* [What you will do]:
Print the full set of records below, character for character and picture-free.

Stored data entries

----------

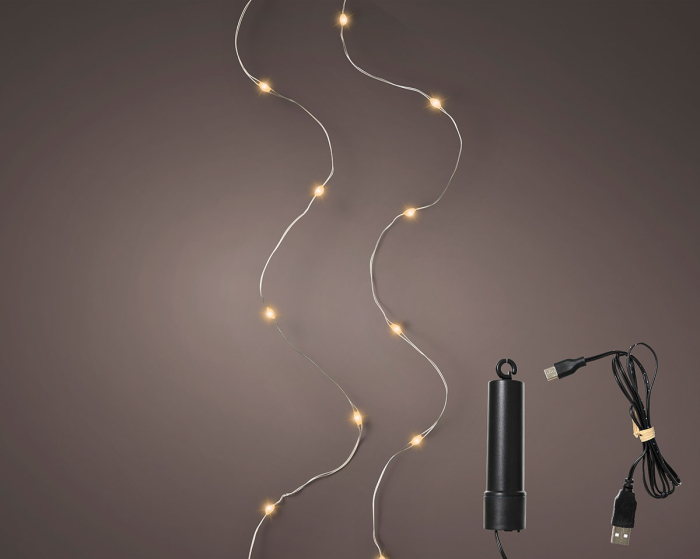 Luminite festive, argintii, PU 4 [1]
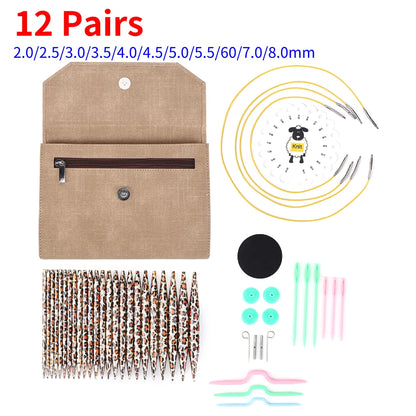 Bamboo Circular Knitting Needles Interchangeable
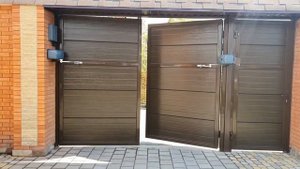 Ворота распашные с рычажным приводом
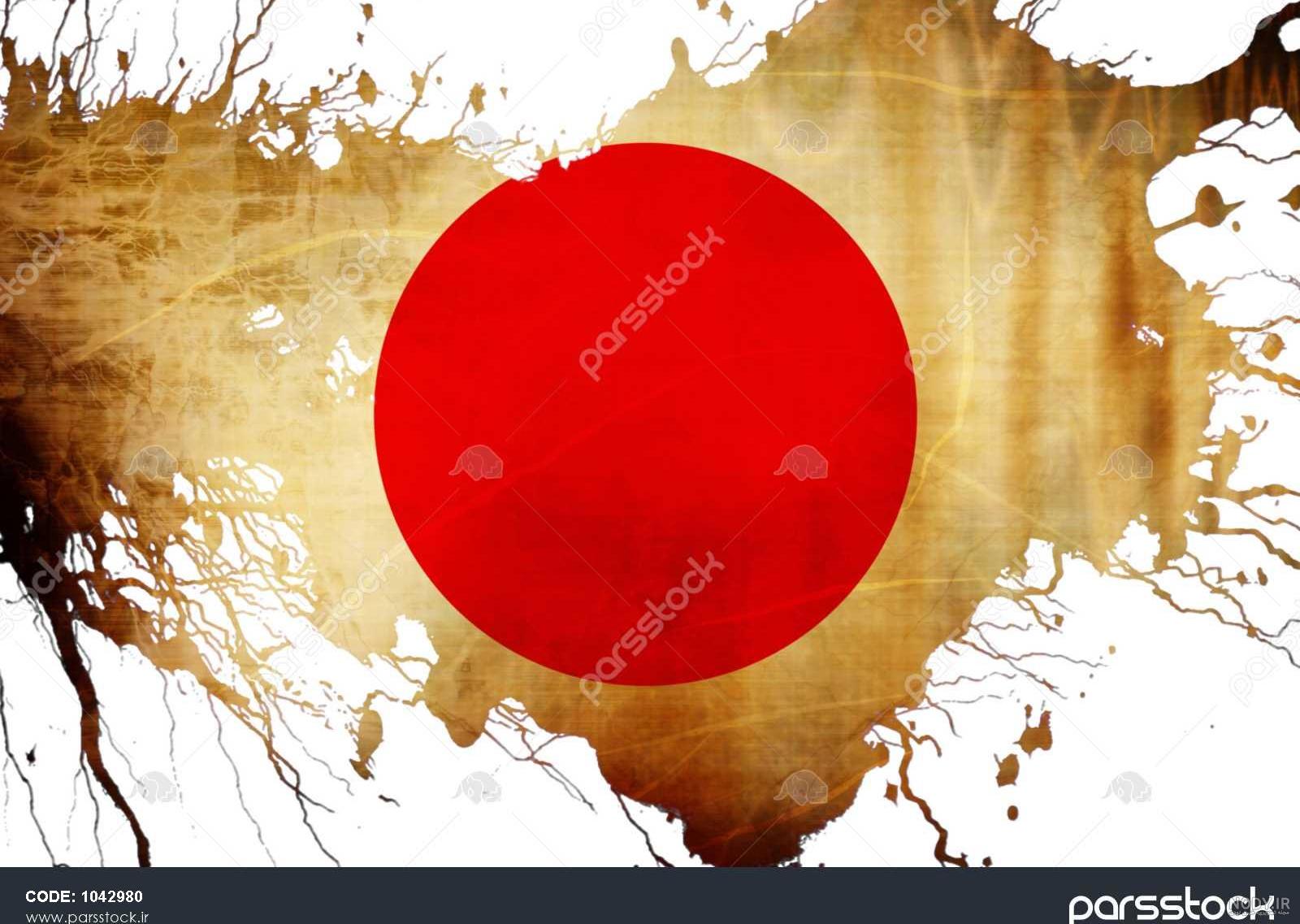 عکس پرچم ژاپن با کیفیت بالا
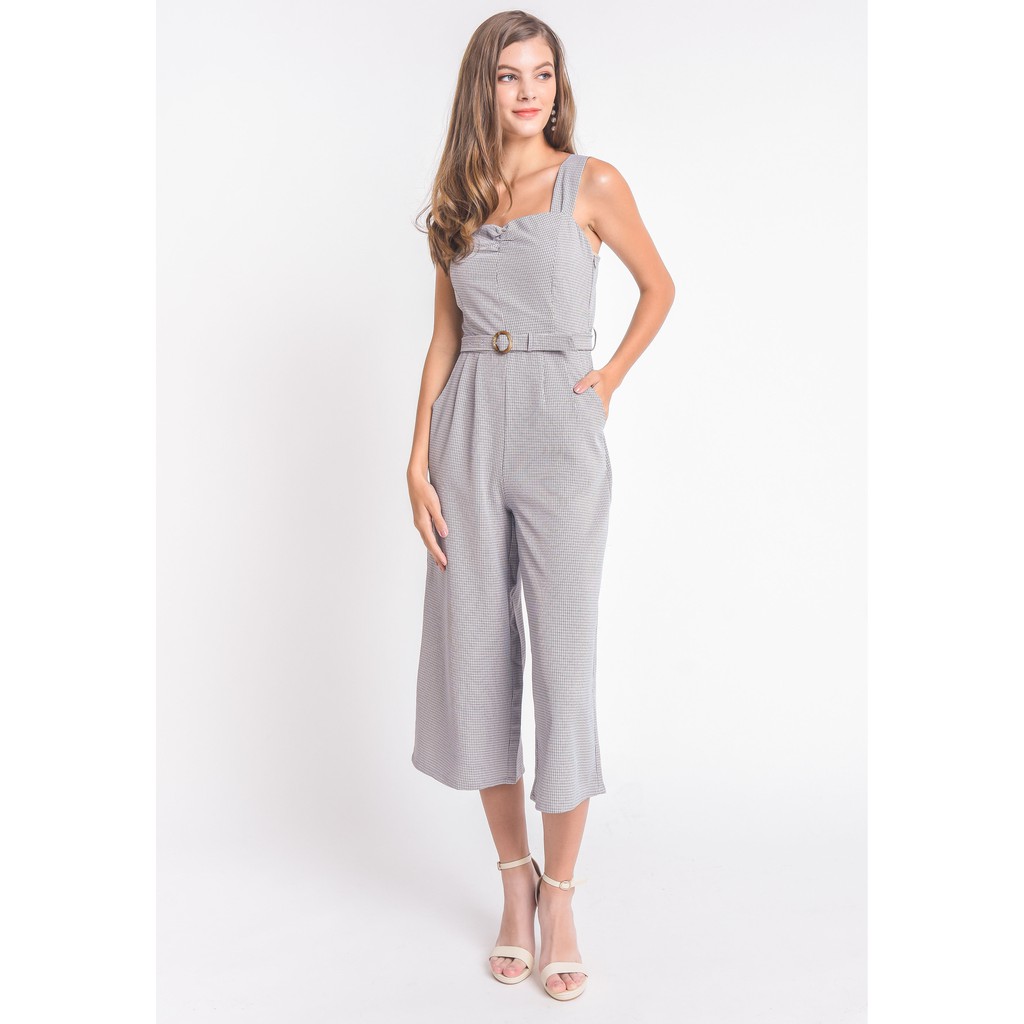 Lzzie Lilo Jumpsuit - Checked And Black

----------

* [Output for this task]:
 Luminite festive, argintii, PU 4 [1]
 Bamboo Circular Knitting Needles Interchangeable
 Ворота распашные с рычажным приводом
 عکس پرچم ژاپن با کیفیت بالا
 Lzzie Lilo Jumpsuit - Checked And Black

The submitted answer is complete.